Atmosphere. The big factors that we care about in regards to atmosphere are: we want it breathable, we want it safe, we want it to protect against radiation, and we want it to keep the planet warm enough.  For the atmosphere to be breathable it needs to contain enough oxygen to support life, and at a proper ratio at the given pressure.  Too little oxygen and we can't pull enough out to support us;  too high and the oxygen becomes poisonous, along with increased fire risks.  For an atmosphere to be safe, breathing can't be harmful from toxins or harmful organisms.  To give some examples, the air in my home is safe and breathable, the air at the top of Mt. Everest is safe but not breathable, the air in a burning building is breathable but not safe.  The atmosphere on Mars is both unsafe and not breathable, along with not being dense enough for protection against radiation or for providing a proper temperature.

Fixing Mars' atmosphere is something we know how to do on a technical level.  Spewing gases into the atmosphere isn't exactly something new for us.  The primary problem we would have is one of scale.  I'm sure we're all well used to hearing all about carbon dioxide, but the amount we put out is very insignificant compared to the entire atmosphere.  Suddenly exporting all our carbon dioxide production to Mars would still take millions of years to get a more reasonable atmosphere.  Though ideally it'd be more similar to a nitrogen/oxygen split, as carbon dioxide is harmful in large quantities.

According to estimates we can make, Mars should be able to hold onto an atmosphere dense enough for breathing and to keep a comfortable temperature.  The only real unfortunate problem is Mars isn't big enough to hold onto the smaller molecules at all easily, which is only made worse by the lack of a magnetic field.  For our purposes, the steady loss of water would be unfortunate, but occurring over millenia.  Certainly replenishable by an interested space-faring race. Any caveman stuck on Mars would thus have a clock to rediscover space flight before all of the water on the planet ran out. No pressure.

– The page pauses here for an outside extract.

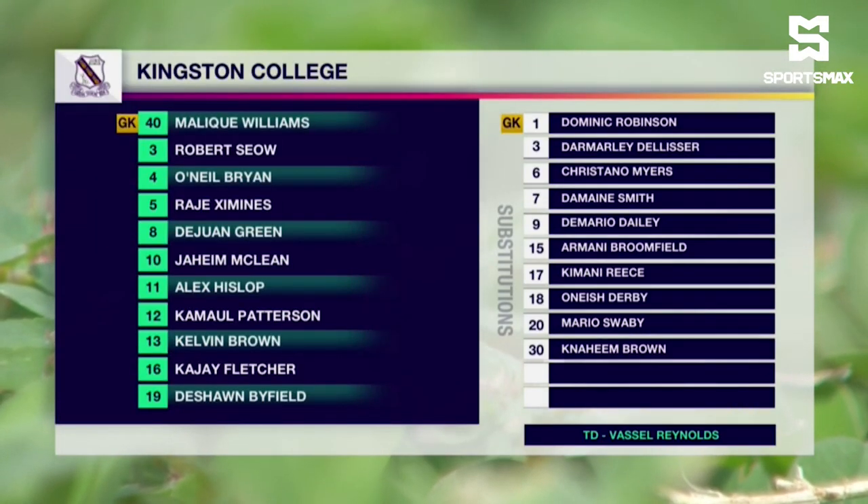Malik Williams is between the sticks for Kingston College. Rajay Ziminez, Robert Siaw, O'Neal Bryan, and Kamal Patterson the back four. De'Anthony Green has been asked to play in the holding role for KC. Kajay Fletcher and Jaheim McLean will join him in the middle of the pack. Alex Hislop on the left with four goals to his name so far. The 13-year-old Kelvin Brown, who scored a wonder goal in that last match, is on the right-hand side. Deshaun Byfield is the centre-forward.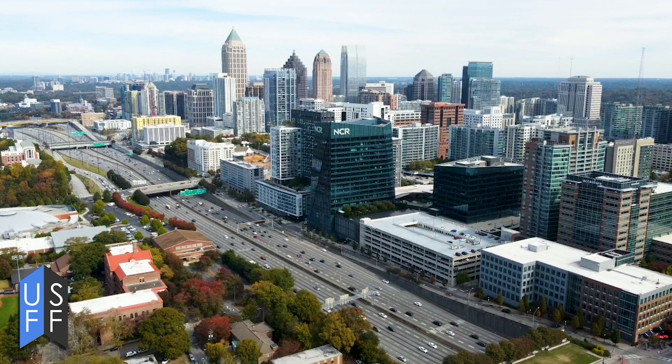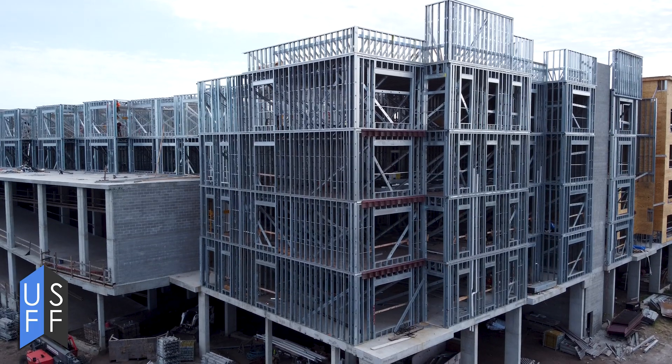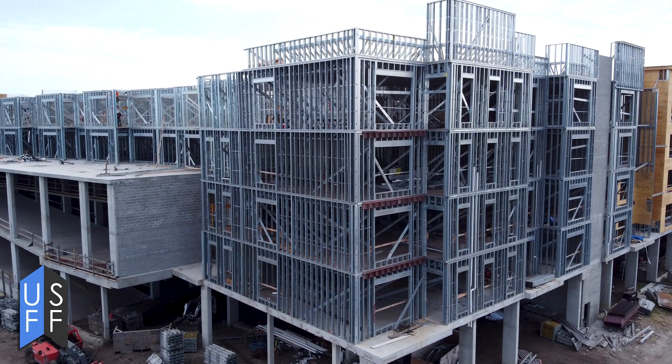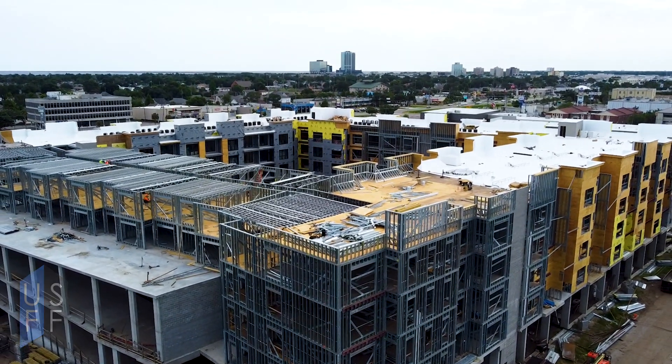We really offer a lot of value in the mid-rise. Typically a five-story multi-family apartment, a five-story hotel — that's the sweet spot for it. We can optimize it based on the floor. You have reduced gauges per floor, making for a building that is very cost-effective and will be built very fast.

Biosphere. The plants and animals and other living things that reside on a planet make up the biosphere of that planet.  As far as colonization is concerned, it's useful for providing the food and oxygen we need.  Also likely to be a major source of problems with any foreign planet that has developed it's own biosphere independent of Earth, but on Mars that problem should be minimal.  All of Mars' biosphere would come from Earth, and unlikely to cause problems.  The difficulty comes with getting it built quick.  Given a long stretch of time it'd be fairly straightforward to bring on, but there's plenty of problems, like the lack of soil, water, and oxygen that is hard to build incrementally.

Gravity. Mars is on the small side of what is likely to work well for humanity, and is possibly too low for long-term viability.  Mars' gravity is only 37% that of Earth, which is pretty low.  Unfortunately, we don't exactly have much research on the subject, as we understandably don't have many options when testing biological beings at gravities smaller than that of Earth.  We don't even have very much research on how we're affected in free fall, especially as in regards to fetuses. (Highly important if you're looking to live in space is whether or not you can have kids)

Hope that helps outline all the things that Mars is missing.  Remember that for everything here, missing something means that the colony must provide it in some other manner.  Comparably, popping a colony down in the antarctic is easier and requires less resources than one on Mars.  Far less cool though, suck it Antarctica. We're going to Mars.